Spanish daily tags PM in graft scandal
MADRID - Agence France-Presse
Spain’s PM Rajoy has denied receiving undisclosed payments. A corruption scandal reignited with the publication of an handwritten account ledger. REUTERS photoA corruption scandal implicating Spain’s Prime Minister Mariano Rajoy reignited July 9 with the publication of an original handwritten account ledger apparently showing illegal payments to him while he was a minister.
The document published by El Mundo newspaper fanned a scandal that has outraged Spaniards suffering in a recession and had sparked calls for Rajoy to resign earlier this year. His ruling Popular Party hotly repeated its denials of any illegal payments to its members, while the opposition Socialists demanded Rajoy himself explain himself.

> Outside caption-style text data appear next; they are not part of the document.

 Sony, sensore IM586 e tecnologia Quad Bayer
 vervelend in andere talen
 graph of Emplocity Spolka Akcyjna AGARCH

El Mundo published a page from what it said were original account ledgers showing payments to Rajoy and other party members in the late 1990s.
In January, top center-left daily El Pais had published what is said were photocopies of the accounts showing the secret slush fund payments.
El Mundo published for the first time what it said was the front and back of a single, original page from the ledger, which it said dispelled doubts over whether it could have been fabricated.
It said the ledgers were compiled in part by the party’s former treasurer Luis Barcenas, who is now behind bars facing corruption charges. The party has distanced itself from Barcenas and has said it has no fear of possible revelations by him from his prison cell.
Document handed to court
El Mundo editor Pedro J. Ramirez handed the original account document to the courts on July 8 a few hours after he received it, El Mundo said, without revealing its source. The excerpt purportedly showed extra payments to party officials including Rajoy when he was a minister in then Prime Minister Jose Maria Aznar’s government in 1997, 1998 and 1999. The entries include two payments to Rajoy of 12,600 euros in 1998.
The paper said the payments flouted a 1995 law barring such supplementary payments to members of the government. Rajoy has denied receiving undisclosed payments. He resisted calls to resign after the revelations published by El Pais in January, which fuelled angry street protests.